DynamicIndexWriter builds a dynamic chunk index.

func NewDynamicIndexWriter

func NewDynamicIndexWriter(ctime int64) *DynamicIndexWriter

NewDynamicIndexWriter creates a new writer with the given creation time.

func (*DynamicIndexWriter) Add

func (w *DynamicIndexWriter) Add(endOffset uint64, digest [32]byte)

Add appends an entry with the given end offset and digest.

func (*DynamicIndexWriter) Finish

func (w *DynamicIndexWriter) Finish() ([]byte, error)
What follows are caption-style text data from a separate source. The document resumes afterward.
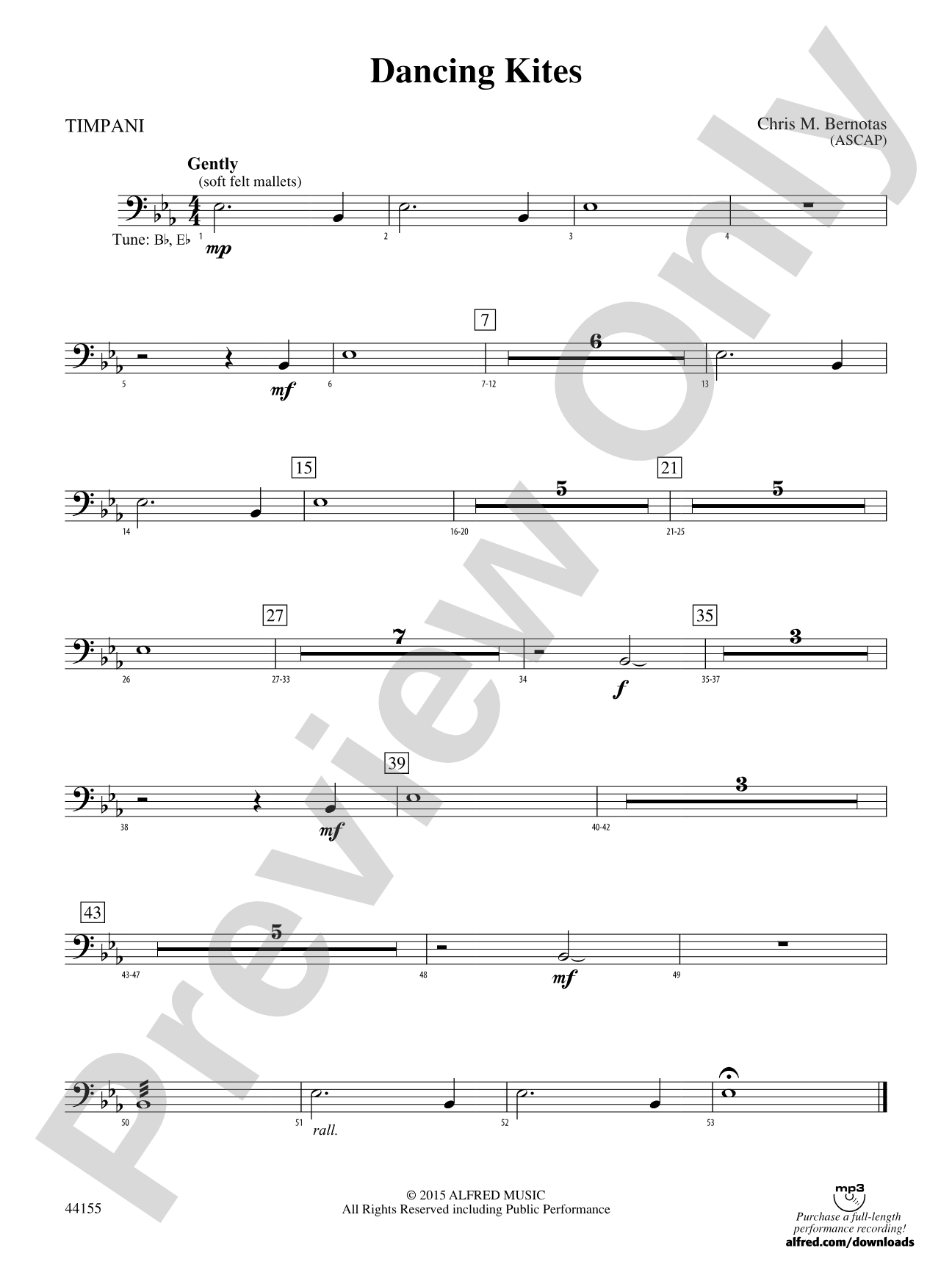 Dancing Kites: Timpani
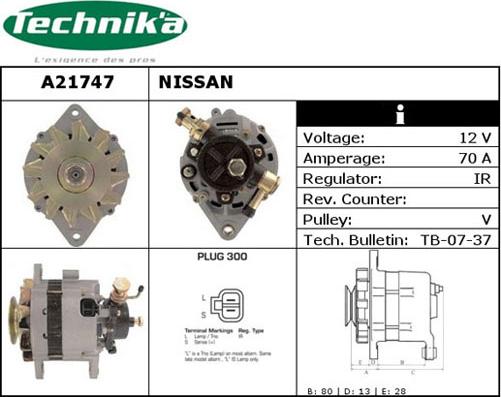 Technika A21747 - Ģenerators adetalas.lv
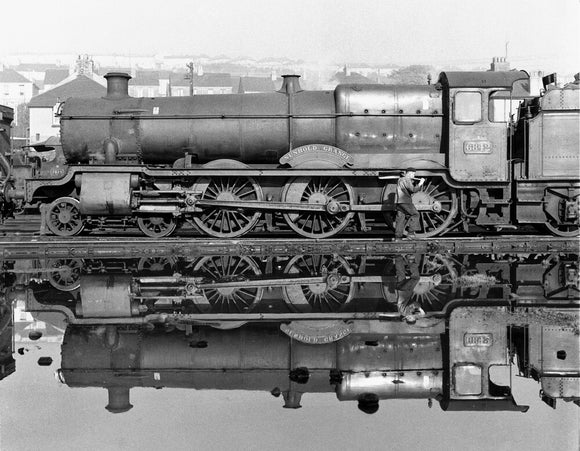 Nunhold Grange locomotive, Devon, 29 October 1961.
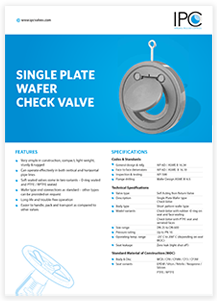 Single-Plate-Wafer-Check-Valve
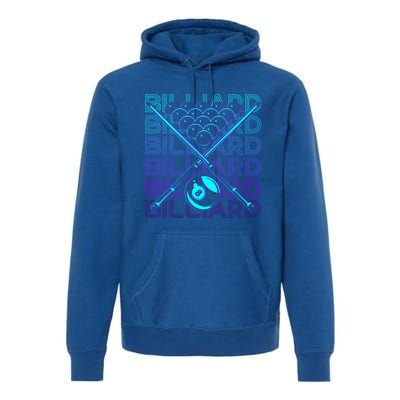 Billiard Player Retro Gift Premium Hoodie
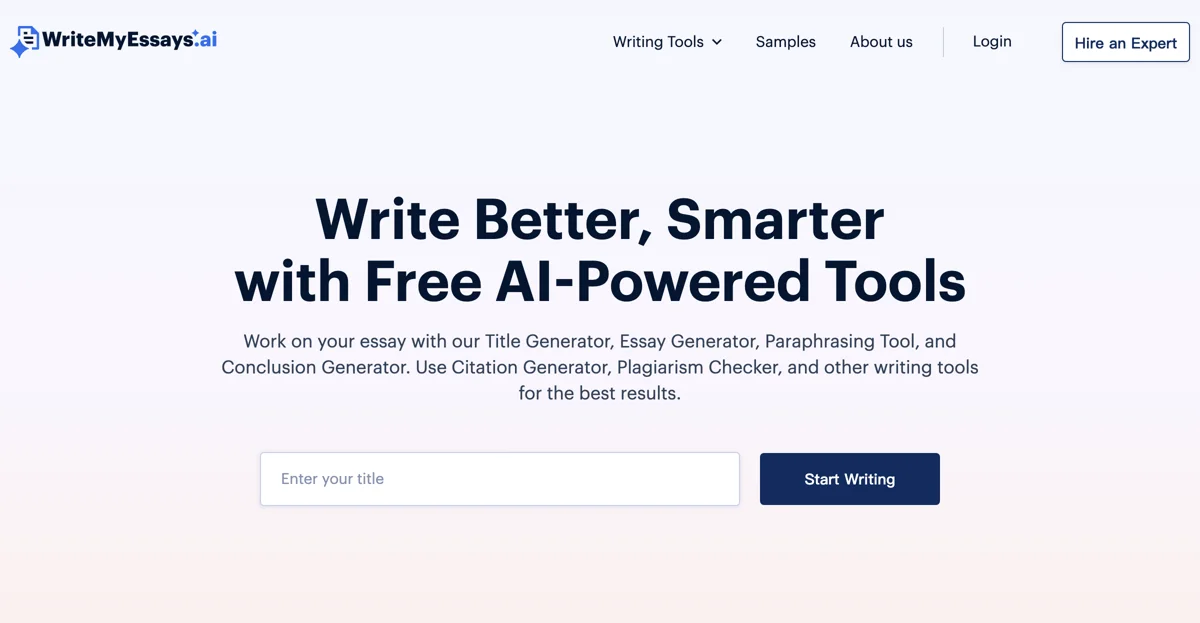 Enhance Your Writing with WriteMyEssays.ai Tools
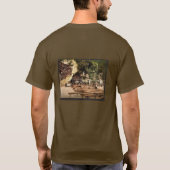 Die Grotte von Notre Dame, Lourdes, Pyrenäen, T-Shirt (Rückseite)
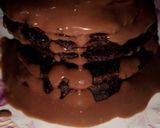 A picture of step 2 of Chocolate pancakes 🥞.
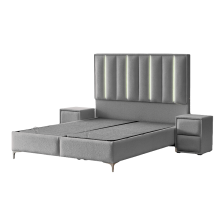 Тапицирана спалня с матрак MINI MOONLIGHT 160 х 200 - сив 620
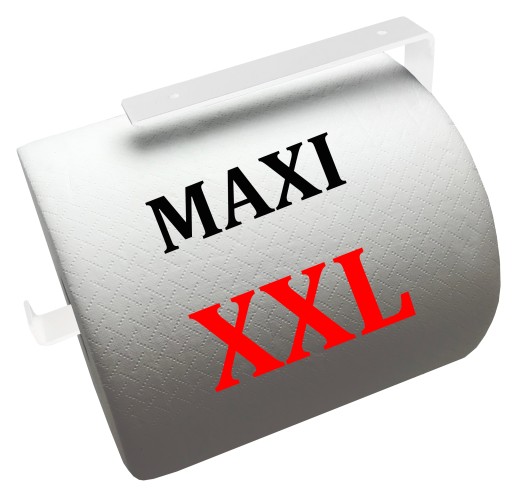 РУЧКА MAXI XXL НАСТЕННАЯ ВЕШАЛКА ДЛЯ БОЛЬШОГО РУЛОНА ДЛЯ ЧИСТКИ ПОЛОТЕНЕЦ БОЛЬШОЙ РУЛОН ДЛЯ ЧИСТКИ БЕЛЫЙ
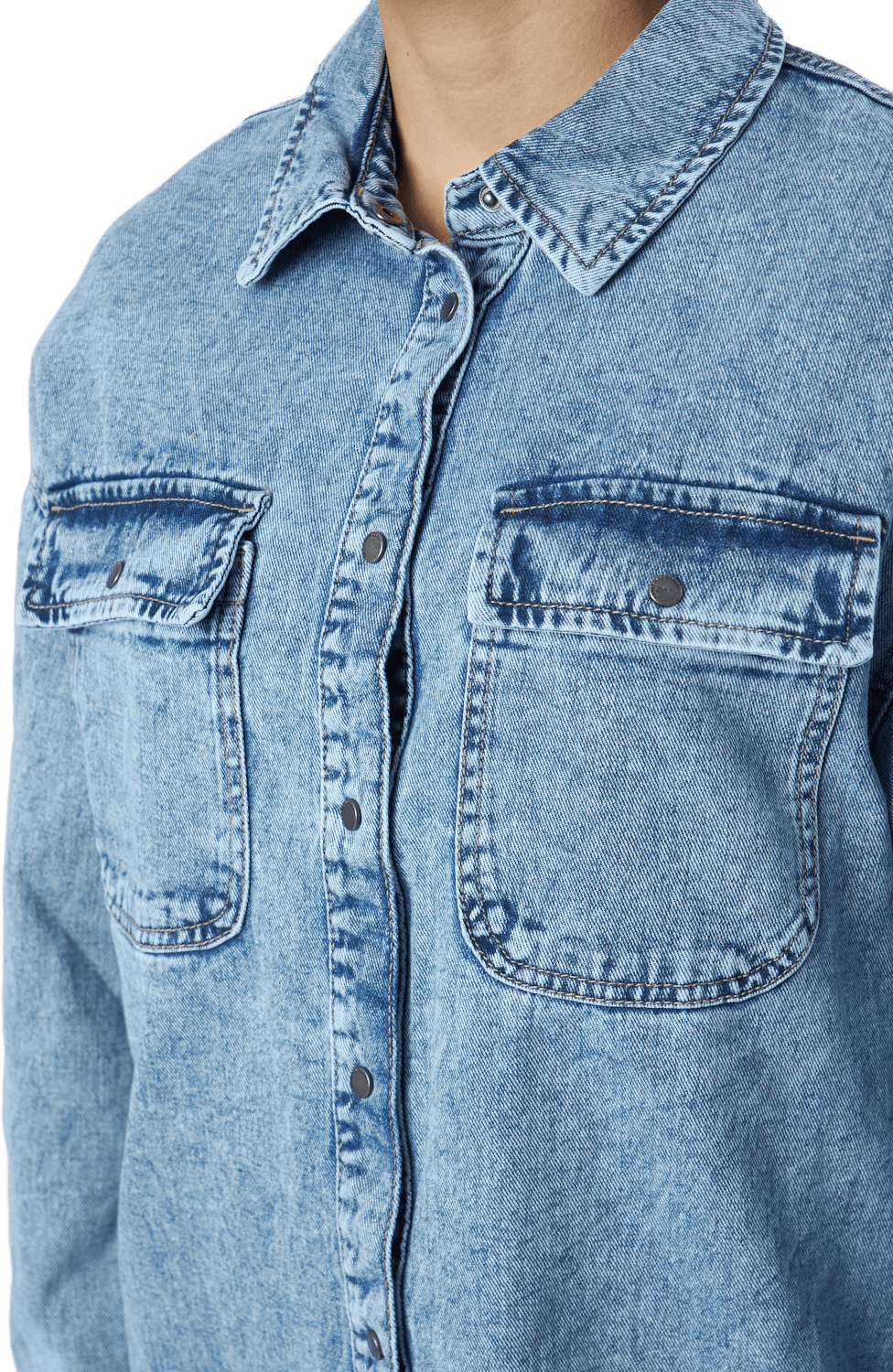 Onlkasia Ls Os Shirt Dnm Bj No Medium Blue Denim - Bild 4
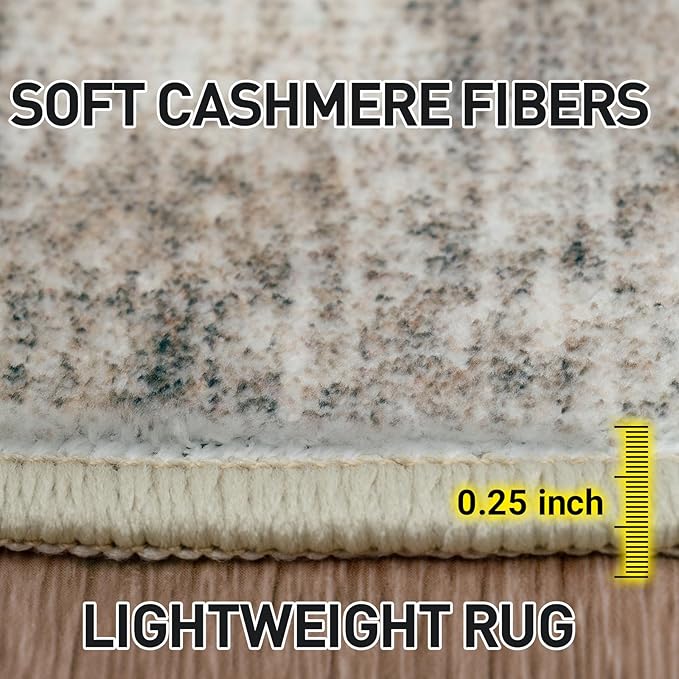 2'6''x8' Runner Rugs Washable Rug: Modern Abstract Living Room Rug Soft - Image 7
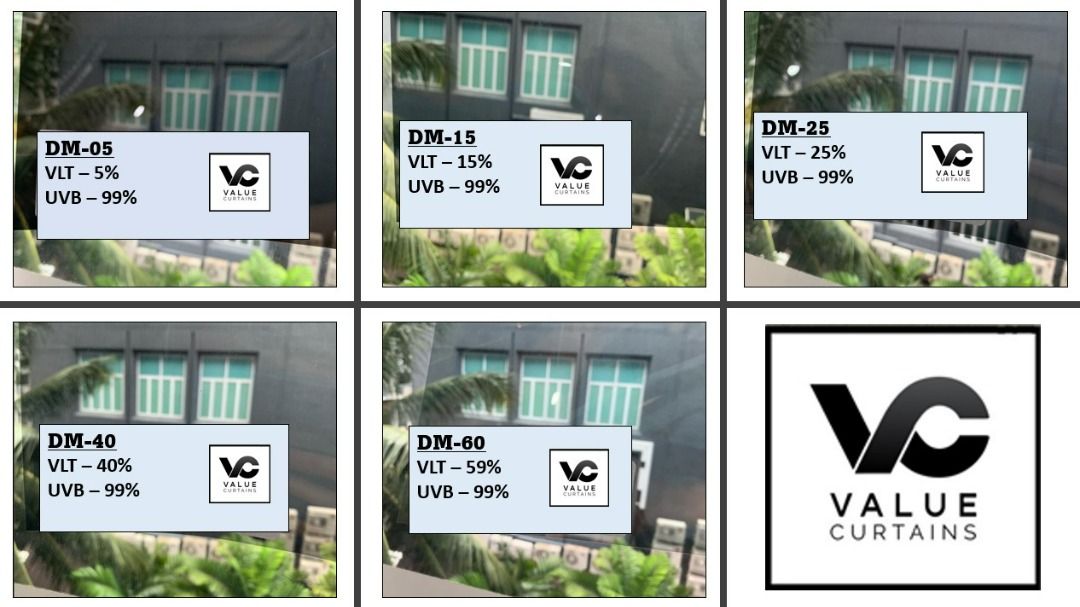 Pre-Order Customized Window Film UV Sunscreen Tinted Privacy Window Film Different Shades to choose! (Min 100SF include Installation!)62863076843009112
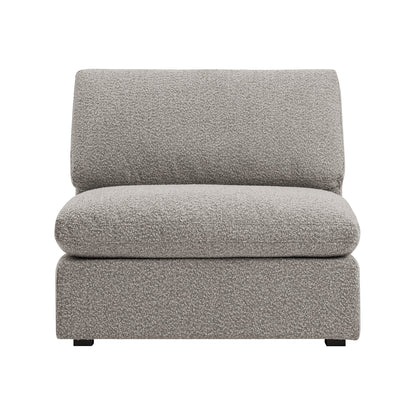 Lutyens Taupe Boucle Modular Sofa, Armless Seat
Finish writes the complete index and returns the raw bytes.

type EncryptedBlobHeader

type EncryptedBlobHeader struct {
	Magic [8]byte
	CRC   uint32
	IV    [16]byte
	Tag   [16]byte
}

EncryptedBlobHeader is the 48-byte header for encrypted blobs.

func UnmarshalEncryptedBlobHeader

func UnmarshalEncryptedBlobHeader(data []byte) (EncryptedBlobHeader, error)

UnmarshalEncryptedBlobHeader parses an EncryptedBlobHeader from raw bytes.

func (*EncryptedBlobHeader) MarshalTo

func (h *EncryptedBlobHeader) MarshalTo(buf []byte)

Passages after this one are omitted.